What this task involves: Keep the pictures out. Copy every line of the listing exactly.

□ □ □

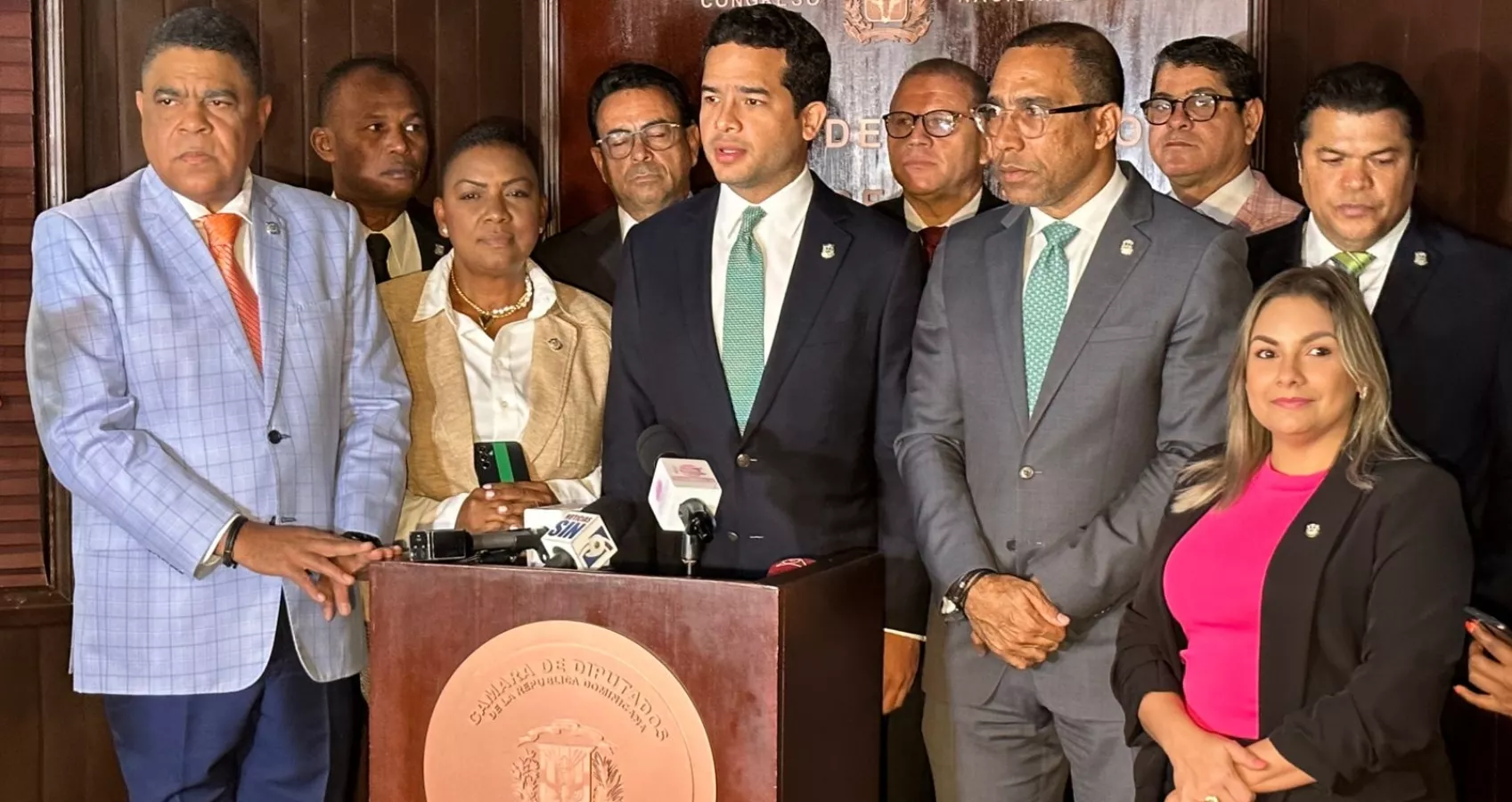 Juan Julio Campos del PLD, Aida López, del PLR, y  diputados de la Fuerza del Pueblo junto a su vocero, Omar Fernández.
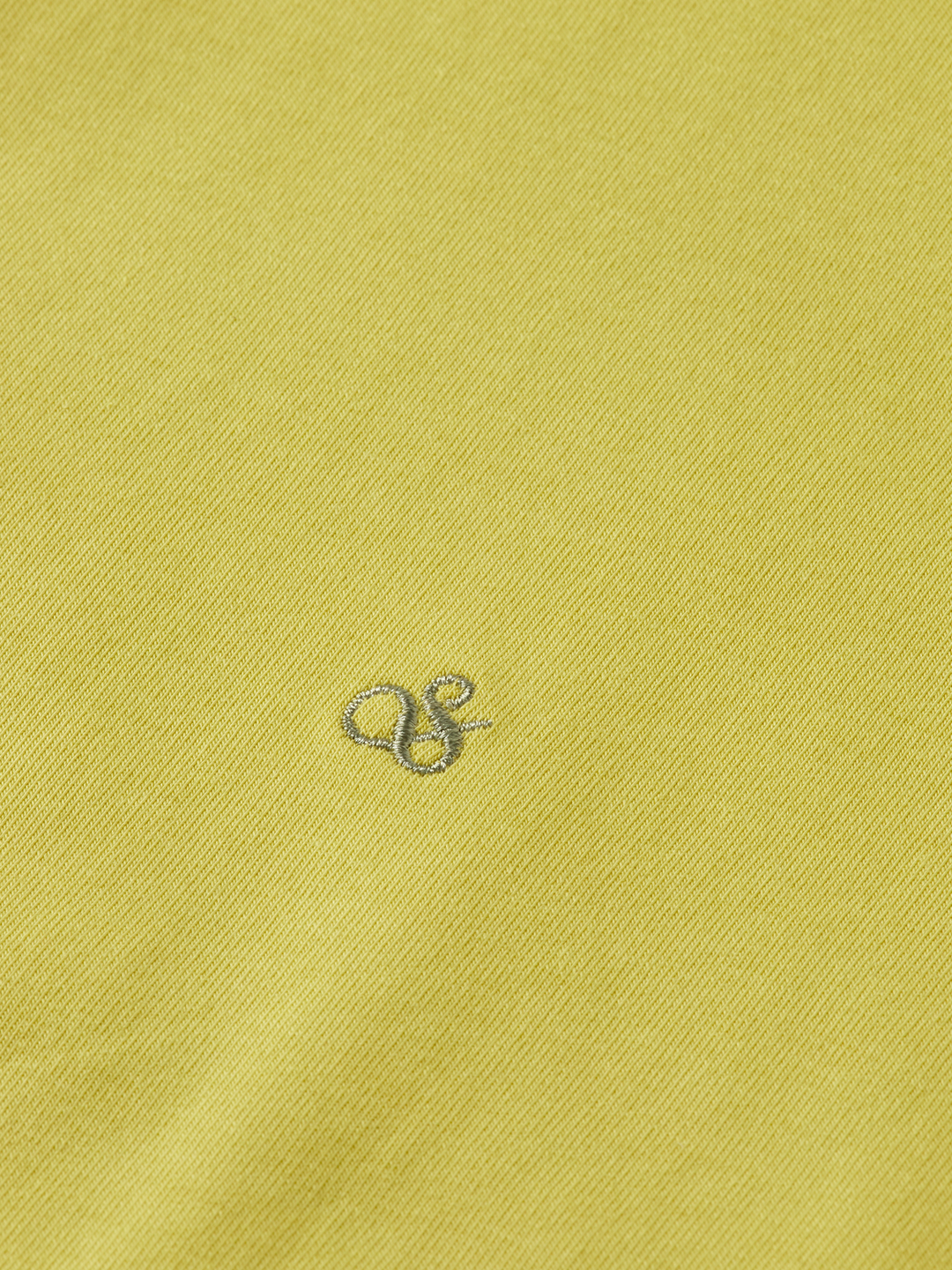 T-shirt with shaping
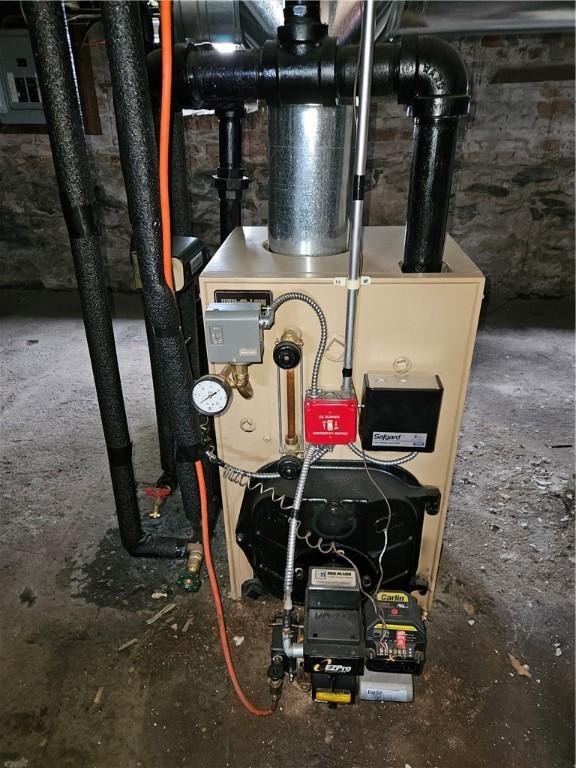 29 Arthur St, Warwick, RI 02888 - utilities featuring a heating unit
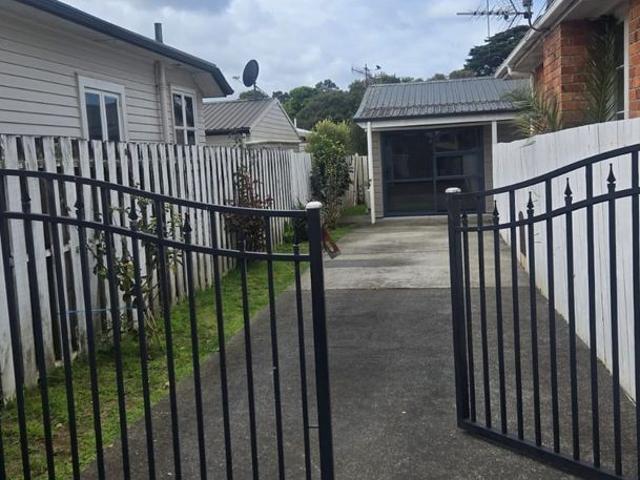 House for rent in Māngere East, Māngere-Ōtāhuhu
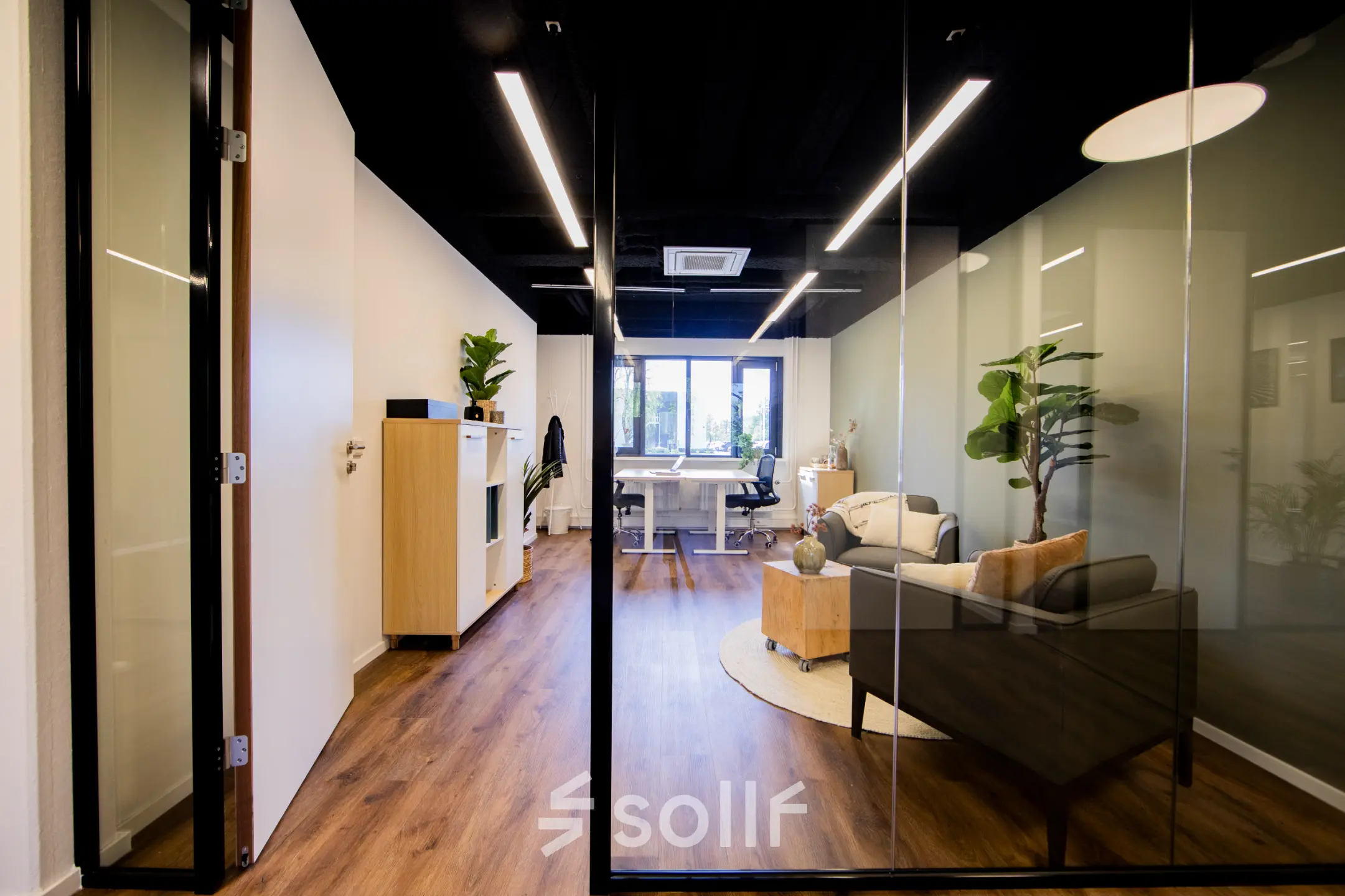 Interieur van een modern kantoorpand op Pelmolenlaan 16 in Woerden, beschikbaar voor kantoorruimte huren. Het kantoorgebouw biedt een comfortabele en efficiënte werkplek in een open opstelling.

□ □ □

Task response:
 Juan Julio Campos del PLD, Aida López, del PLR, y  diputados de la Fuerza del Pueblo junto a su vocero, Omar Fernández.
 T-shirt with shaping
 29 Arthur St, Warwick, RI 02888 - utilities featuring a heating unit
 House for rent in Māngere East, Māngere-Ōtāhuhu
 Interieur van een modern kantoorpand op Pelmolenlaan 16 in Woerden, beschikbaar voor kantoorruimte huren. Het kantoorgebouw biedt een comfortabele en efficiënte werkplek in een open opstelling.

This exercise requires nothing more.